Task requirements —
Reproduce the entire listing exactly as written, apart from its pictures.

Dataset entries —
§

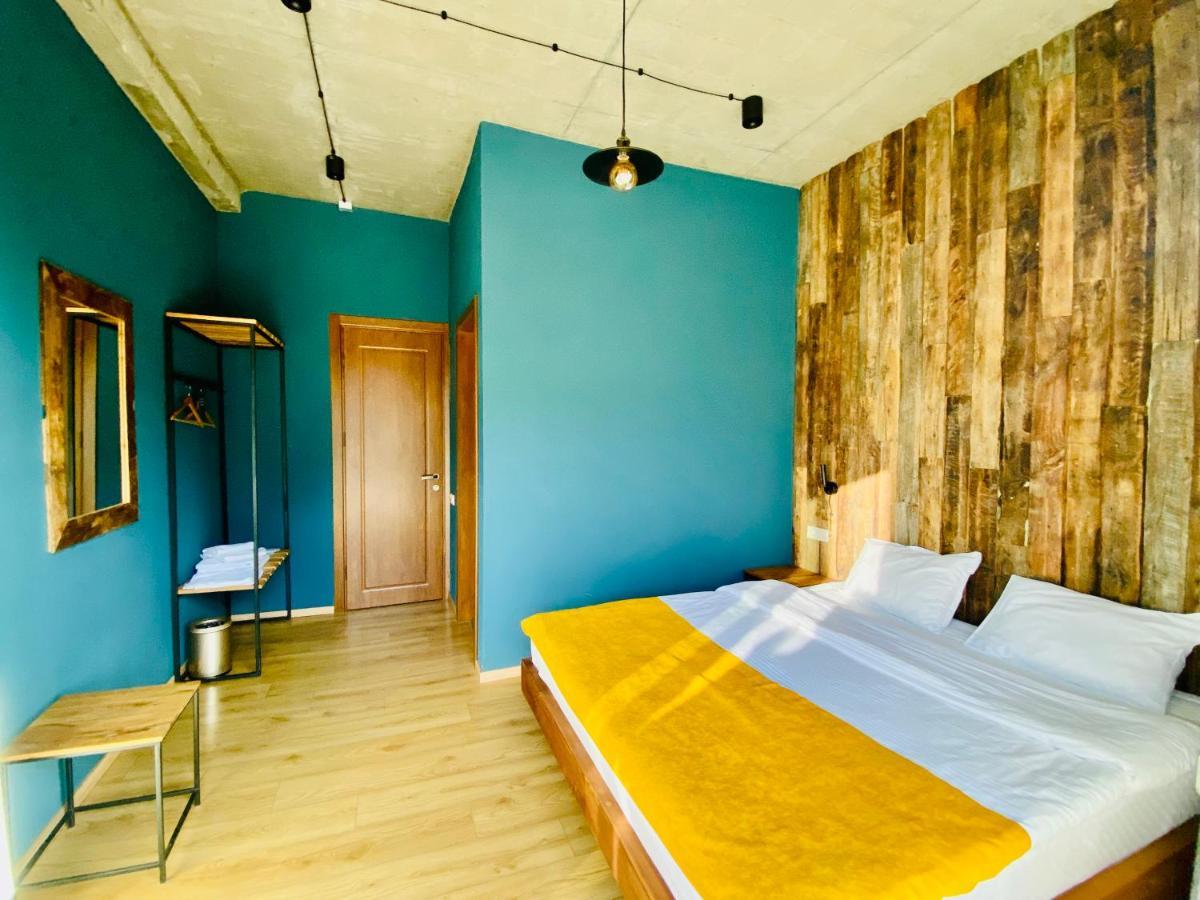 Hotel Misty Mountain 카즈베기 외부 사진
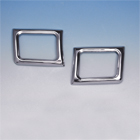 Rear speaker accent 01-05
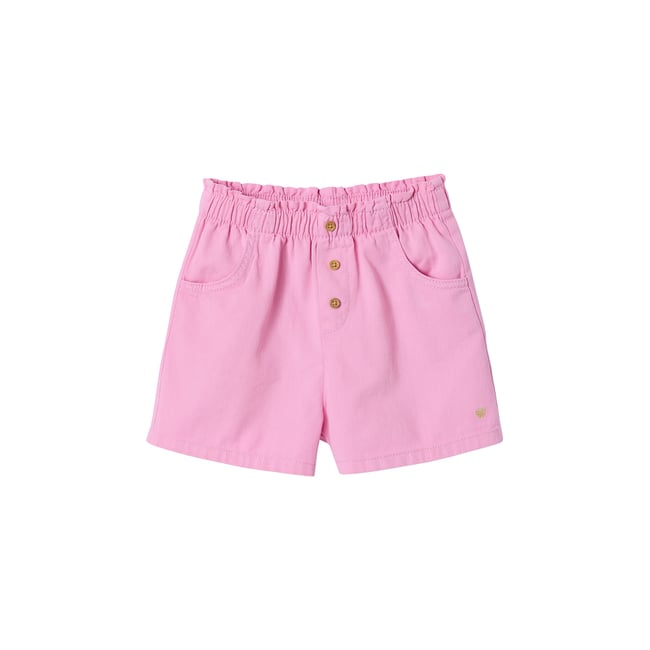 Short facile à enfiler mauve <span itemprop=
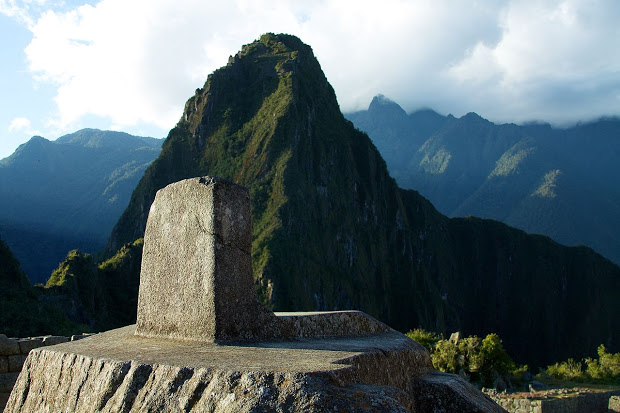 Machu Picchu Fantastico!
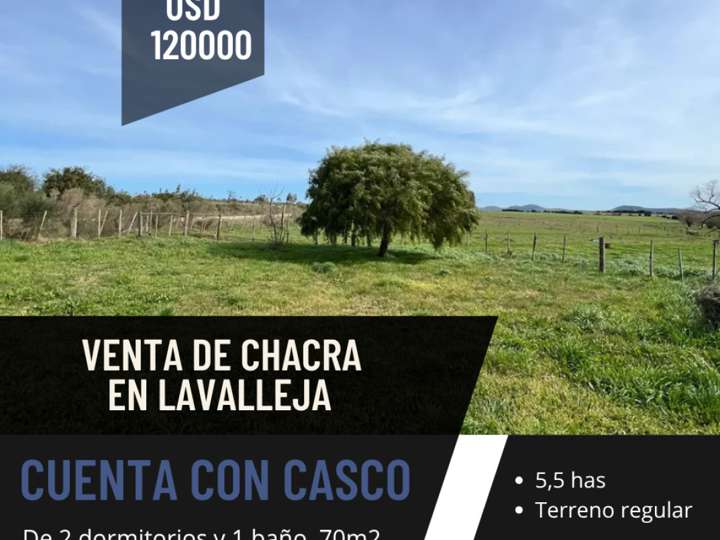 Granja en venta en Maldonado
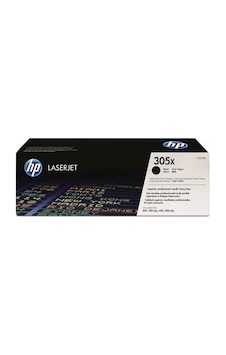 Hp (305X) Ce410X Siyah Toner Yüksek Kapasiteli M475 Hp (305X) Ce410X Siyah Toner Yüksek Kapasiteli M475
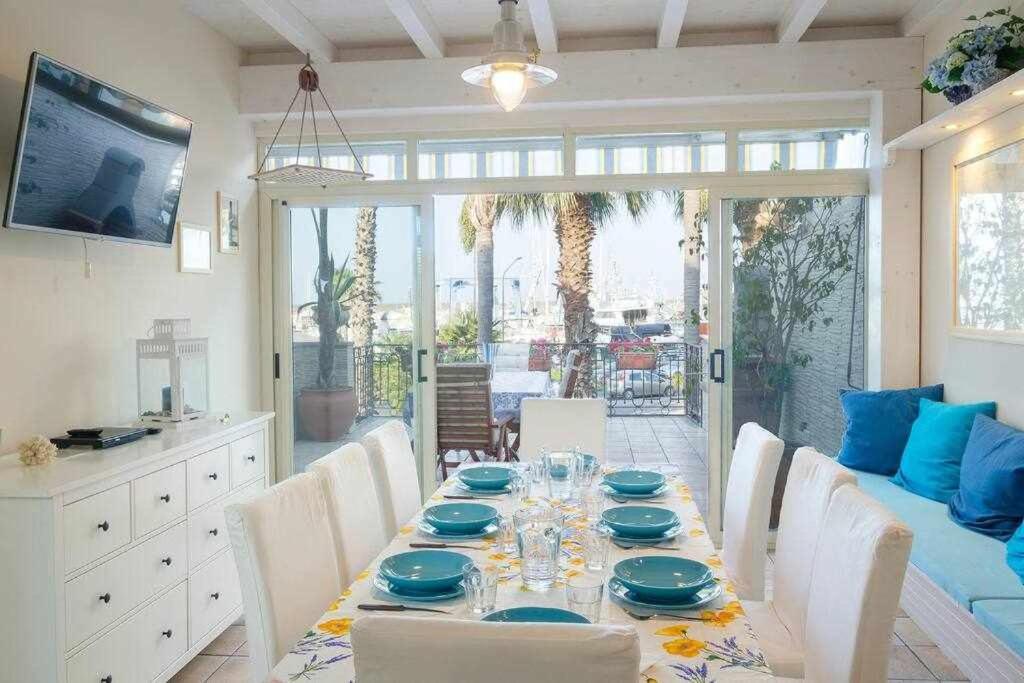 Casa Delle Zammare Fronte Mare Centro Storico Villa Riposto Kültér fotó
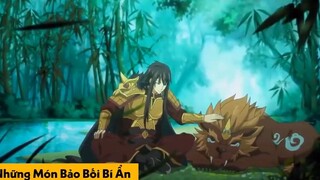 Thầy Bói Thống Lĩnh 12 VỊ THẦN 🤩 _ The Almanac Master _ Tóm Tắt Anime_p2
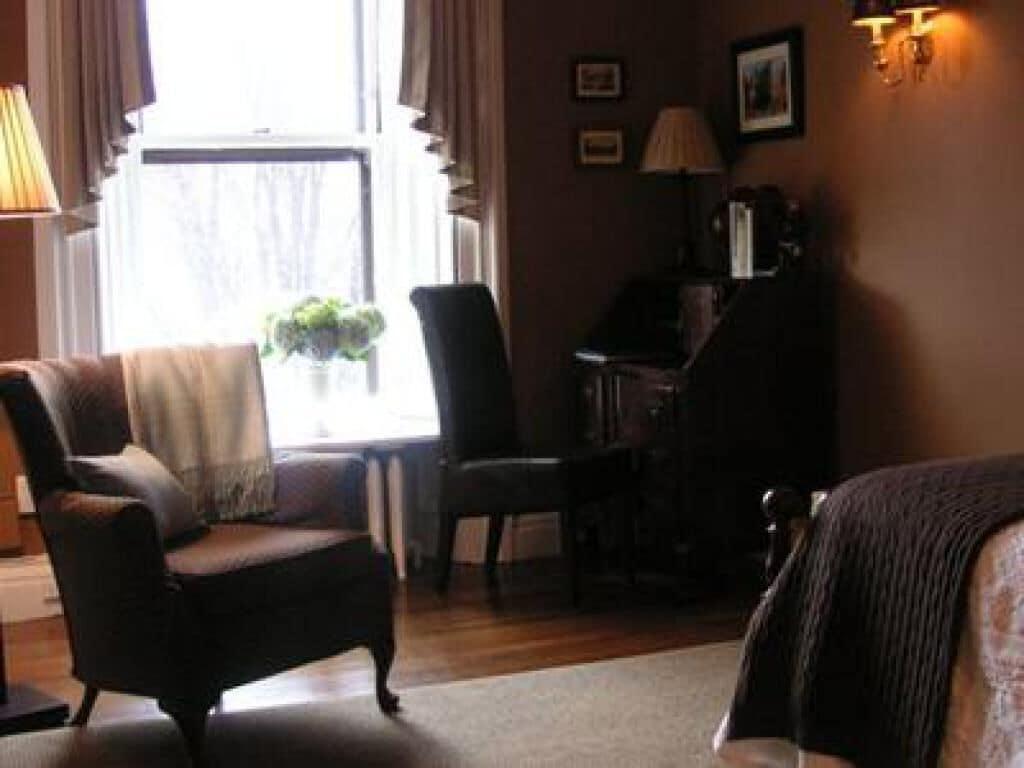 Bed and Breakfast The College Club Of Boston Zewnętrze zdjęcie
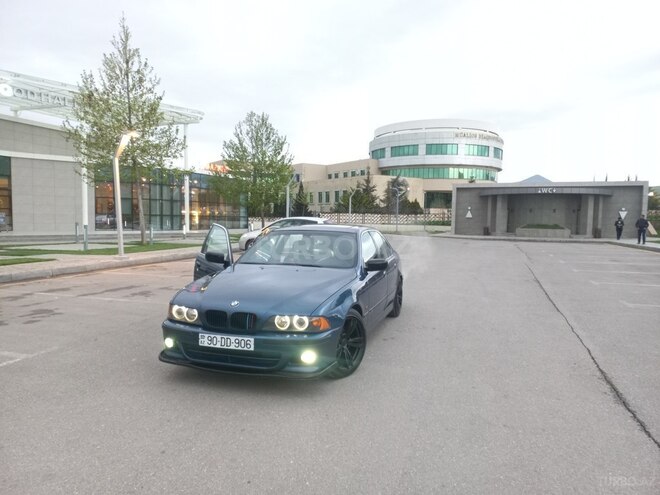 BMW 528 1997, 410,000 km - 2.8 л - Bakı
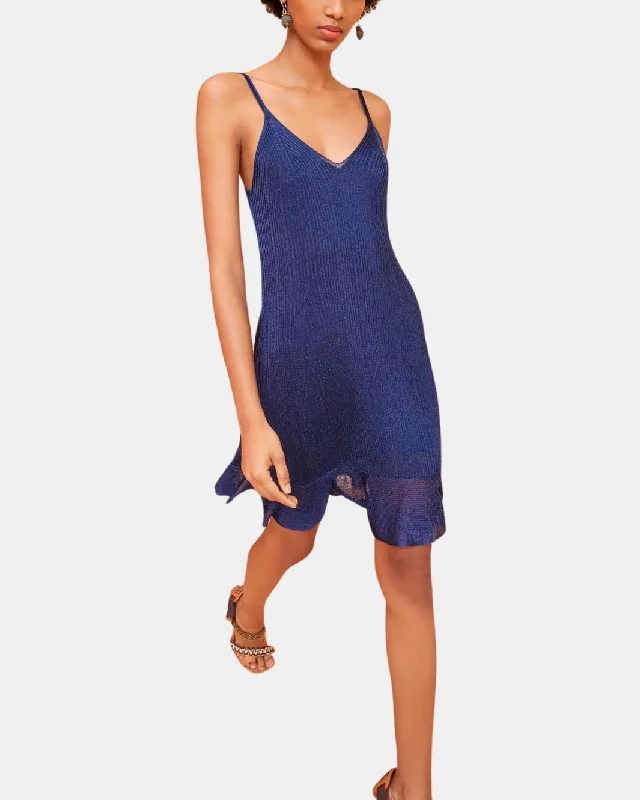 BIANCA DRESS IN MIDNIGHT Tunics Versatile stylish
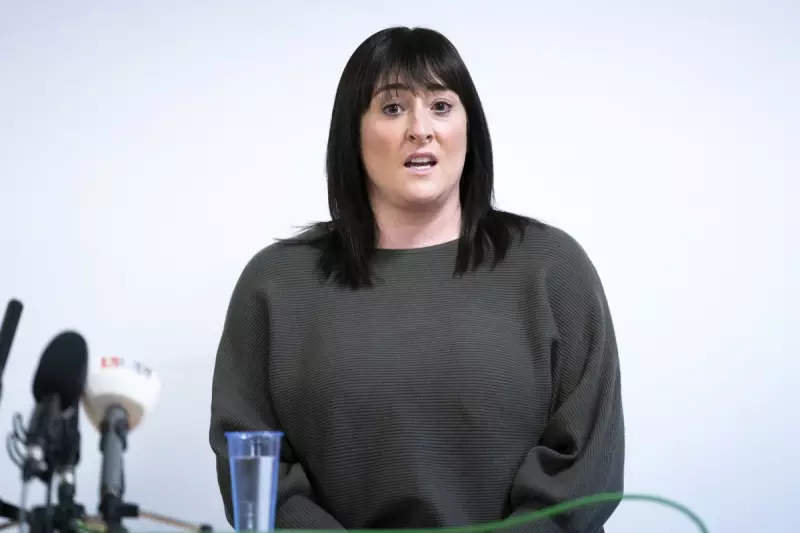 Mother Demands Sturgeon's Honesty Over Hospital Infection Scandal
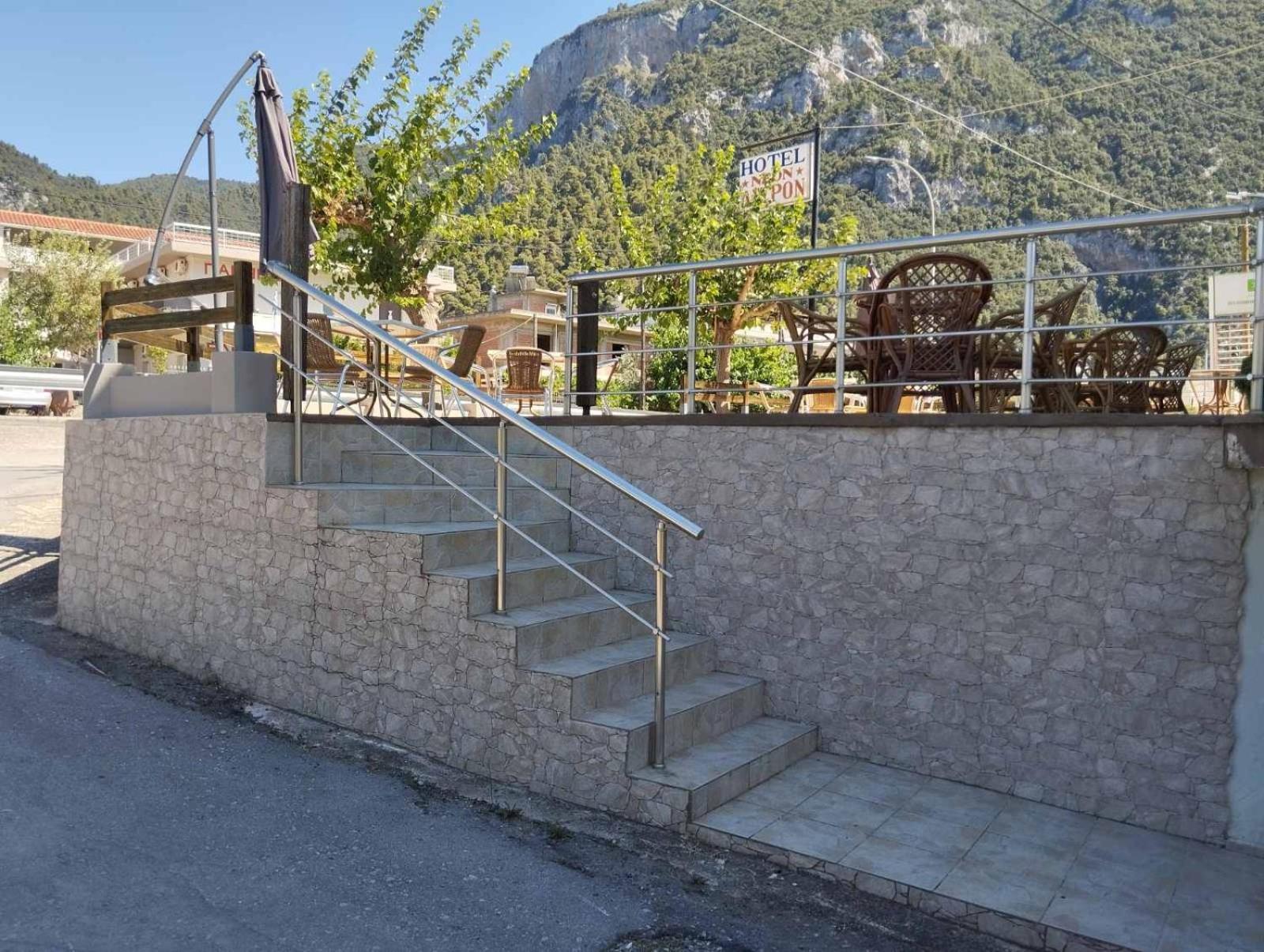 Hotel Neon Astron Καμένα Βούρλα Εξωτερικό φωτογραφία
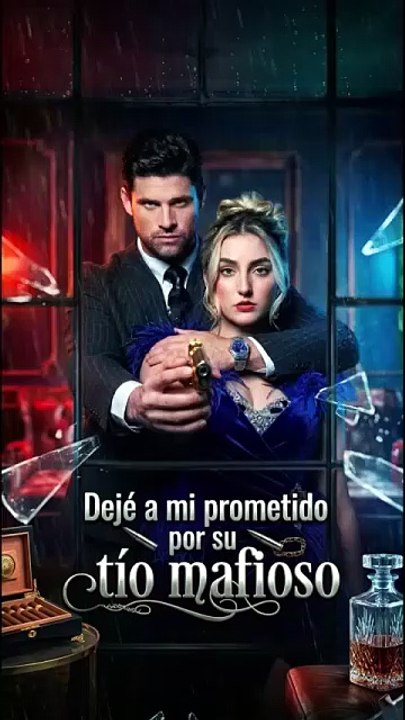 Dejé a mi Prometido por su Tío Mafioso  | Hot Drama Full Eng Sub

§

Answer to this problem —
 Hotel Misty Mountain 카즈베기 외부 사진
 Rear speaker accent 01-05
 Short facile à enfiler mauve <span itemprop=
 Machu Picchu Fantastico!
 Granja en venta en Maldonado
 Hp (305X) Ce410X Siyah Toner Yüksek Kapasiteli M475 Hp (305X) Ce410X Siyah Toner Yüksek Kapasiteli M475
 Casa Delle Zammare Fronte Mare Centro Storico Villa Riposto Kültér fotó
 Thầy Bói Thống Lĩnh 12 VỊ THẦN 🤩 _ The Almanac Master _ Tóm Tắt Anime_p2
 Bed and Breakfast The College Club Of Boston Zewnętrze zdjęcie
 BMW 528 1997, 410,000 km - 2.8 л - Bakı
 BIANCA DRESS IN MIDNIGHT Tunics Versatile stylish
 Mother Demands Sturgeon's Honesty Over Hospital Infection Scandal
 Hotel Neon Astron Καμένα Βούρλα Εξωτερικό φωτογραφία
 Dejé a mi Prometido por su Tío Mafioso  | Hot Drama Full Eng Sub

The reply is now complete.